|Name Asger Ostenfeld||Died 1931, Copenhagen, Denmark|
Asger Skovgaard Ostenfeld (13 October 1866 – 23 September 1931) was a Danish civil engineer who specialized in the theory of steel and reinforced concrete structures. He is now considered to be the founding father of the theory of structures in Denmark.
Ostenfeld was born in Hvirring near Horsens in Jutland in 1866. From 1900, he was professor of applied mechanics and steel structures at the Technical University of Denmark. In 1894, he designed the Langelinie Bridge at Østerport Station which at the time was the largest structure in Denmark built by a Danish engineer. In 1926, he was instrumental in creating Denmark's first Theory of Structures Laboratory which he later directed. Ostenfeld published a number of textbooks on the theory of structure which were widely read outside Denmark.
Around 1920, Ostenfeld extended Axel Bendixsen's method of deformations together with the force method creating the dual concept of the method of deformations.

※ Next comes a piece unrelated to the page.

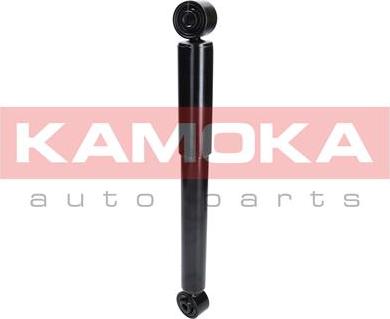 Kamoka 2000874 - Амортизатор xparts.lv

His method represented significant progress in that "it enables previously analysed structural elements so to speak, to be built on". This is achieved through the introduction of rigidly fixed members for the obstruction of joint rotations. It allows the complete frame to be divided into finite elements.
Also contributions to Danish and foreign journals on Deformationsmetode, Aabne Broers Sidestivhed, Beregning af Søjler.